Precisely, find $k$ partitions $S_1, …, S_k$ of the data with centroids $\mu_1, …, \mu_k$ that minimize $E_{total}$. In other words:

$$\text{argmin}_{S_1, …, S_k} \sum_{i=1}^k {\sum_{x \in S_i} {\|x - \mu_i\|^2}}$$

> $\text{argmin}_{S_1, …, S_k}\ f(S_1, ..., S_k)$: Find the values of $S_1, ..., S_k$ that minimize $f(S_1, ..., S_k)$.

This is a computationally difficult problem to solve, so we often rely on heuristics.

The "standard" heuristic is called **Lloyd’s Algorithm**:
1. Start with $k$ initial (random) points* (we'll call these "centroids").
2. Assign each datapoint to a cluster by finding its "closest" centroid (e.g. using Euclidean distance).
3. Calculate new centroids based on the datapoints assigned to each cluster.
4. Repeat 2-4 until clusters do not change.

\* There are a number of techniques for choosing initial points.
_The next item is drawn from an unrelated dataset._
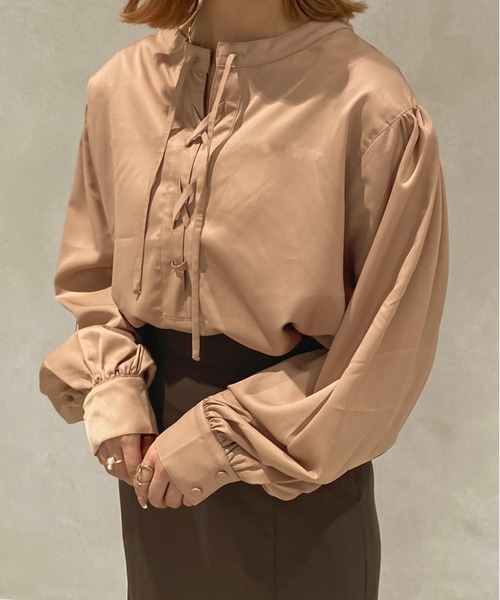 apres jour clair(アプレジュールクレア)の「【apres jour clair】フロントレースアップチュニック【ZOZOTOWN限定アイテム】(シャツ/ブラウス・レディース・オレンジ系その他/コーラル/アイボリー/ベージュ・フリー/X-LARGE)」の15枚目の写真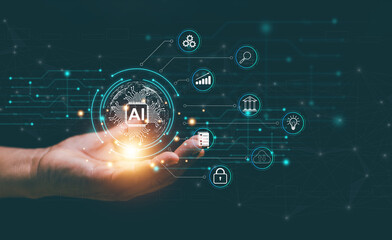 Poster - Ai technology concept, Businessman holding virtual graphic global internet connect with AI, Futuristic technology transformation, Chat with AI, Smart search. Generate something by command prompt.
For example, see the `k-means++` technique.

<a id="visual-demo"></a>
### Visual Demo

[Click through](https://www.naftaliharris.com/blog/visualizing-k-means-clustering/) for a demo of k-means clustering in action.
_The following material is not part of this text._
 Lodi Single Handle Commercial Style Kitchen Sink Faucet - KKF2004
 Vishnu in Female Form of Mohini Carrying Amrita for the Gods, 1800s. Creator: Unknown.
![voronoi](assets/voronoi.png)

<a id="assumptions-are-important-k-means-assumes"></a>
### K-Means Assumptions

K-means assumes:

- k is the correct number of clusters.
- The data is isotropically distributed (circular/spherical distribution).
- The variance is the same for each variable.
- Clusters are roughly the same size.

View these resources to see counterexamples/cases where assumptions are not met:
- [Variance Explained](http://varianceexplained.org/r/kmeans-free-lunch/)
- [Scikit-Learn](http://scikit-learn.org/stable/auto_examples/cluster/plot_kmeans_assumptions.html)

#### How do we choose k?

Finding the correct k to use for k-means clustering is not a simple task.
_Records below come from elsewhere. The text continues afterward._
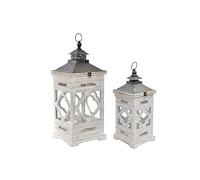 DKD Home Decor Farol de la Marca Acabado Envejecido Abeto Cristal Blanco Étnico (2 Piezas) (Referencia: S3019410)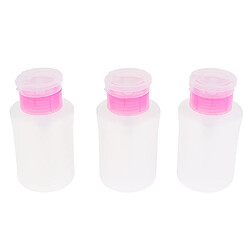 3pcs 180ml bouteilles de pompe vides pour dissolvant d'ongles, alcool, démaquillant bleu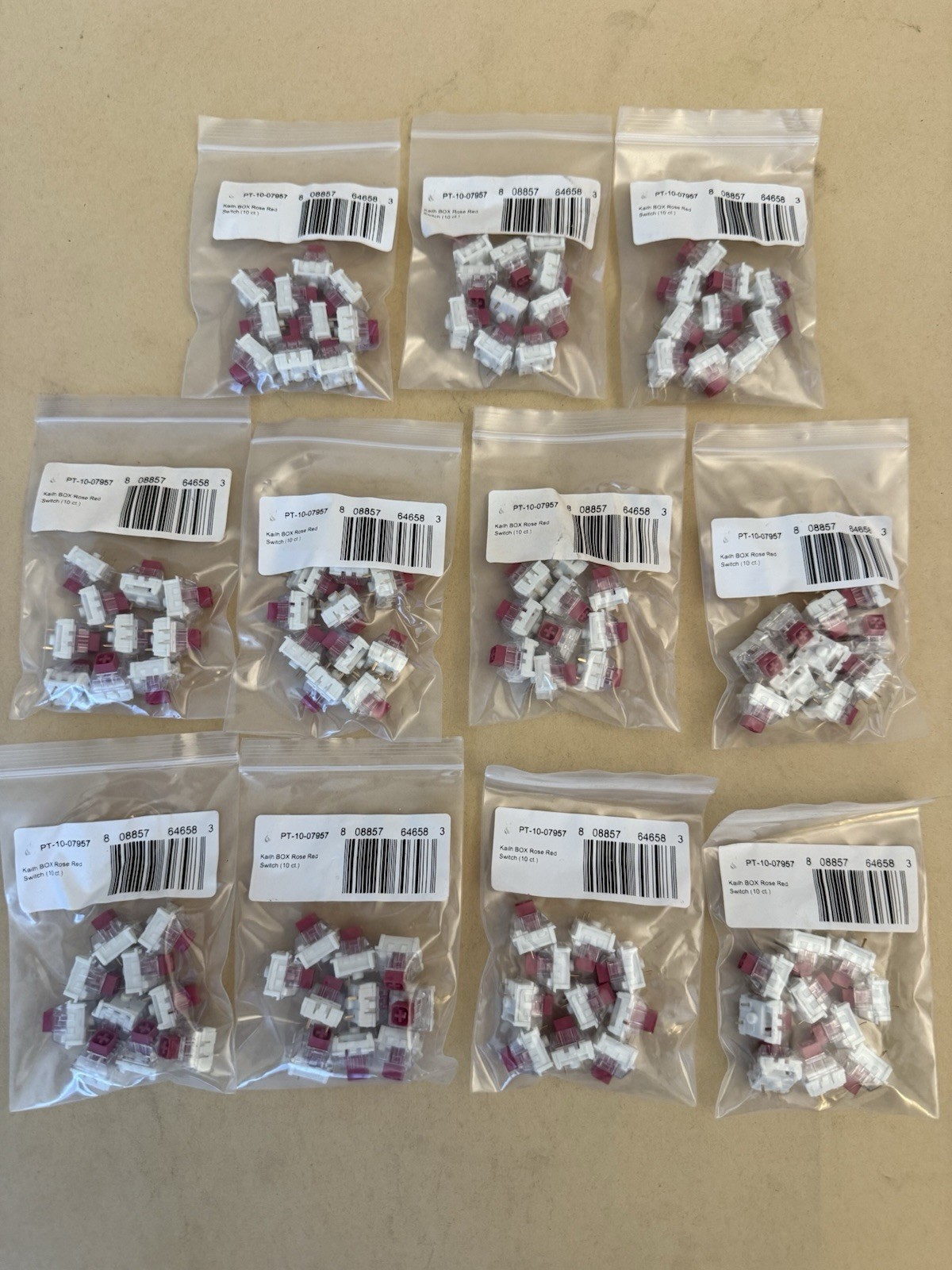 Kailh Box Rose Red Mechanical Keyboard Switches Lot of 110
We do not have a ground-truth we can use, so there isn't necessarily a "correct" number of clusters. However, we can find metrics that try to quantify the quality of our groupings.

Our application is also an important consideration. For example, during customer segmentation we want clusters that are large enough to be targetable by the marketing team. In that case, even if the most natural-looking clusters are small, we may try to group several of them together so that it makes financial sense to target those groups.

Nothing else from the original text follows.